AU diaries experiencing degraded performance
Incident Report for ResDiary
Postmortem

At around 07:15 GMT automated alerts started firing indicating that the Australian diary application was experiencing performance problems. Unfortunately because of a configuration problem which has now been solved, our on-call engineers did not notice the alert until 07:25.

Our engineers investigated and found that a large backlog of requests had built up and were not being processed in a timely manner. At 07:35 they decided to recycle one of the web servers to allow it to get back into a healthy state.
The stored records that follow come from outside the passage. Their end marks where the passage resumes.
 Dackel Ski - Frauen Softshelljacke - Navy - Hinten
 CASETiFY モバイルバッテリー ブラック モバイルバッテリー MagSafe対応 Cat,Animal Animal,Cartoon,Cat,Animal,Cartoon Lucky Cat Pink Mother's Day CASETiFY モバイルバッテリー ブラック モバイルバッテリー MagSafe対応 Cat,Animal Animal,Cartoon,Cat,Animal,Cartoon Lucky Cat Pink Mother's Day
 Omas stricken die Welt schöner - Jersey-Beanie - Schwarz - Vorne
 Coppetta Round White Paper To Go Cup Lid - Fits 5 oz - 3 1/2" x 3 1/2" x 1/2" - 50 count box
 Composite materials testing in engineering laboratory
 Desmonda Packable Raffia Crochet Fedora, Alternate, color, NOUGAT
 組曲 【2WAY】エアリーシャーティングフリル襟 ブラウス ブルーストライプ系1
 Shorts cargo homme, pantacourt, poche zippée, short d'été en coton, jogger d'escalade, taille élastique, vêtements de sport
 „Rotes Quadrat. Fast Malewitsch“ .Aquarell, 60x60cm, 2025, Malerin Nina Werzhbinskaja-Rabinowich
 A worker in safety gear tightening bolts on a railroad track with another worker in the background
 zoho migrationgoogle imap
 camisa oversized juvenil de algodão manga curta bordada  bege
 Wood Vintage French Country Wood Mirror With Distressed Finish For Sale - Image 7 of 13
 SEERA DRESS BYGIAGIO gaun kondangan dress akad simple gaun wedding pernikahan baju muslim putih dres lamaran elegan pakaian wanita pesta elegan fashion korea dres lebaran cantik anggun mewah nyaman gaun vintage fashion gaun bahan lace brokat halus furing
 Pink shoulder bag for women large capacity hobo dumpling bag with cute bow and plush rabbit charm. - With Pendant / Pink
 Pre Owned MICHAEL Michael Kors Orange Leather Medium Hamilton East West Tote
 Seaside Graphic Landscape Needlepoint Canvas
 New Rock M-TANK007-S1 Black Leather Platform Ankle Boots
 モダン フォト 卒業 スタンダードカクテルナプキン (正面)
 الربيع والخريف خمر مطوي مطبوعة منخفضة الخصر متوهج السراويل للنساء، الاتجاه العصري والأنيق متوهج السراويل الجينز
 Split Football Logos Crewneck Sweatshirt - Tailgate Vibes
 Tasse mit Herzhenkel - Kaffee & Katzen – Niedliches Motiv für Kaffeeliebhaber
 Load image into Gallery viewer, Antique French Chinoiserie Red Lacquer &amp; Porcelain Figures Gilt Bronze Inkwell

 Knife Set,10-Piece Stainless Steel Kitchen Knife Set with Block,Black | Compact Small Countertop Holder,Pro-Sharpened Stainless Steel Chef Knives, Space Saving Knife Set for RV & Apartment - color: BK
Initially it looked like this might have been enough to solve the problem, but after 10 minutes they decided to recycle the other web servers.

After doing this, all the servers began to process requests normally, and by 07:48 the system was normally again.

Unfortunately the root cause of this problem is not clear at this point in time, but we are continuing to try to get to the bottom of it, and have begun to implement mitigating measures to help prevent the servers getting into the situation where they are overloaded like this.

Update 27/11/2018

After investigating a similar incident that occurred on Thursday 22/11/2018, we believe this incident was triggered by a problem with the backend database server for the Australian diary. See https://status.resdiary.com/incidents/1mktl1r85ps7 for more details of this incident, and the steps we are taking to mitigate this in future.

Posted 3 months ago. Nov 22, 2018 - 09:28 UTC

Resolved
We have been monitoring the AU diary for the past few hours, and the system has been behaving normally since action was taken to resolve the degraded performance. We are now investigating the cause of the problem, and will provide a post-mortem report later.
Posted 3 months ago. Nov 16, 2018 - 10:19 UTC
Monitoring
High database usage on the AU server was causing new requests to be very slow.

The root cause has still to be identified, but we have resolved the issue for now, and will be monitoring the system closely. A full report will follow.
Posted 3 months ago. Nov 16, 2018 - 07:54 UTC
Investigating
The AU diaries are experiencing degraded performance. Engineers are investigating and will provide an update shortly.
Posted 3 months ago. Nov 16, 2018 - 07:34 UTC
This incident affected: ResDiary Application (Australia).